D’un ricanement sinistre, je montrai à quel point cette phrase n’était pour moi qu’un discours prémâché enfoncé dans son crâne depuis l’enfance.
— Nous n’avons aucune liberté, pestai-je. Censés être les gouverneurs de ce pays et pourtant enchainés par notre naissance.
— Tu es libre de guider ton peuple, et de le faire de la meilleure des manières. Je serais l’un de tes conseillers, tu le sais. Nous n’avons pas toujours été en phase toi et moi, mais tu sais qu’où que tu ailles, j’irai toujours te chercher.

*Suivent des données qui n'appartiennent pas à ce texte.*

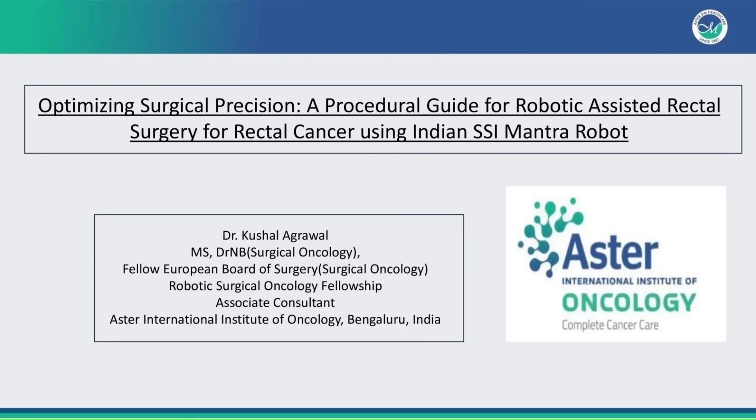Optimizing Surgical Precision – A Procedural Guide for Robotic Assisted Rectal Surgery for Rectal Cancer Using Indian SSI Mantra Robot.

C’était vrai. Je détestais Lloris, car il était le préféré de mon père, mais malgré nos querelles et nos prises de positions diamétralement opposées, il avait toujours été là pour moi. Il m’avait tiré de bien des situations, me récupérant, ivre mort dans une des tavernes les plus mal famées de la ville, prenant ma défense devant père. Il m’avait sauvé d’une attaque de brigands crasseux qui m’avaient un jour molesté, s’était fait passer pour moi plus d’une fois, jouant la comédie auprès des conseillers, des ducs, des barons et de toute la cour lors de mes nombreuses fugues.
— Tu n’as pas été correct, continua-t-il en penchant la tête sur le côté comme s’il était désolé pour moi. Tu n’as pas été à la hauteur de ton titre. Cette trêve était nécessaire. Tu as tout gâché.

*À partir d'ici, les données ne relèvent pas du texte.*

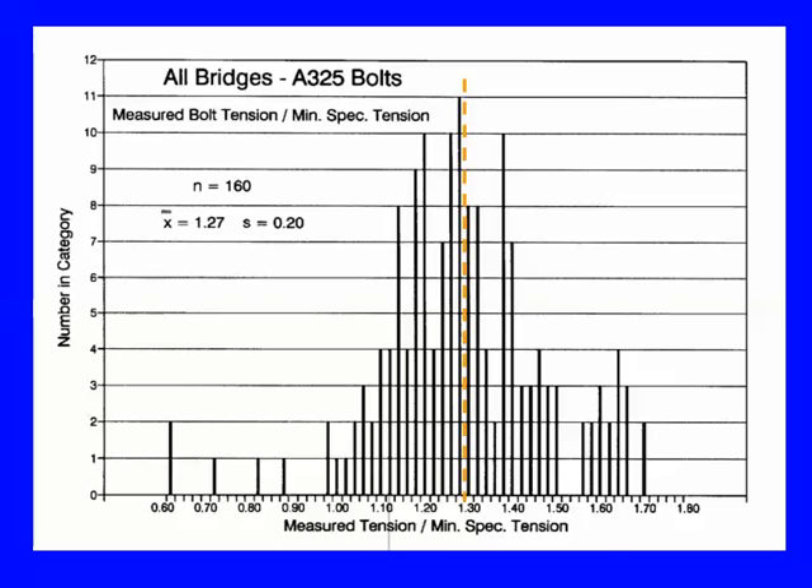Some measured values — this is from bridges, three different bridges. It's a histogram: on the horizontal axis we should be getting 1.0 at minimum. There are two down at 0.6, one at 0.7 — and the mean is 1.27. That's okay. 160 fasteners total. Is this okay? I certainly have some fasteners that did not meet what was required, but it's part of a large population. The mean value is fine, the standard deviation is relatively small. One standard deviation below the mean you're still at 1.07 — so this is a satisfactory installation.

Les larmes me montaient aux yeux. De rage je relevai le menton et plantai mon regard dans celui de Lloris.
— Et mère ? Etait-ce nécessaire ?
Pendant une fraction de seconde, le visage de mon frère parut se fissurer. Je pus discerner la douleur foudroyante qu’il éprouvait, ainsi que la colère de me voir aborder encore le sujet. Un instant plus tard, il avait repris le masque sans expression qu’il portait en permanence. Un membre de la famille royale ne pouvait se permettre d’émettre la moindre émotion.

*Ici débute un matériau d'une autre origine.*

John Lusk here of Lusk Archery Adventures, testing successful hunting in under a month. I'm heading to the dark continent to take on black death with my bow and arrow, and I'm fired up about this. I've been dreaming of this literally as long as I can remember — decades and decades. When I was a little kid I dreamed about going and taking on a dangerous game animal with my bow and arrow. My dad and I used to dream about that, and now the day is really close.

— Il l’a tué. Elle est morte par sa faute ! m’écriai-je.
Le claquement de son poing contre ma joue fut si sonore que Mettani ouvrit la porte pour voir ce qui se tramait. Alors que j’étais plié en deux, mon frère fit comprendre d’un hochement de tête qu’il n’y avait rien de grave. Mon garde du corps referma la porte sans un bruit.
— Vas-tu donc cesser ! siffla Lloris entre ses dents. Père a toujours cherché à te protéger. Il a tenté de la sauver, mais c’était trop tard.
Il avait perdu son sang-froid, ce qui était chez lui quelque chose d’exceptionnel. Il m’avait fait mal. Rien à voir avec les gifles de mon père.
— Nous avons dix-huit ans maintenant. Il serait temps de faire table rase du passé. Grandis un peu. Sur ce point, je rejoins père.
Affichant un air déçu, il se dirigea vers la porte quand je le hélai une dernière fois.
— Père a abandonné mère dans le froid de l’hiver, en pleine forêt. Personne ne me fera croire le contraire. Les loups ont bien dû en profiter. Et père a pu se remarier sans problème.
Lloris s’arrêta, dos à moi le temps d’écouter ma phrase.
— Tâche de te reposer, dit-il simplement sans se retourner. Je ne serai pas toujours là pour te protéger moi non plus.
La porte s’ouvrit et il disparut dans le couloir. J’entendis à nouveau le coup de clé qui marquait la réalité de mon incarcération. Je serrai les poings, mais me calmai rapidement. Mon frère ne pouvait comprendre ce que je ressentais.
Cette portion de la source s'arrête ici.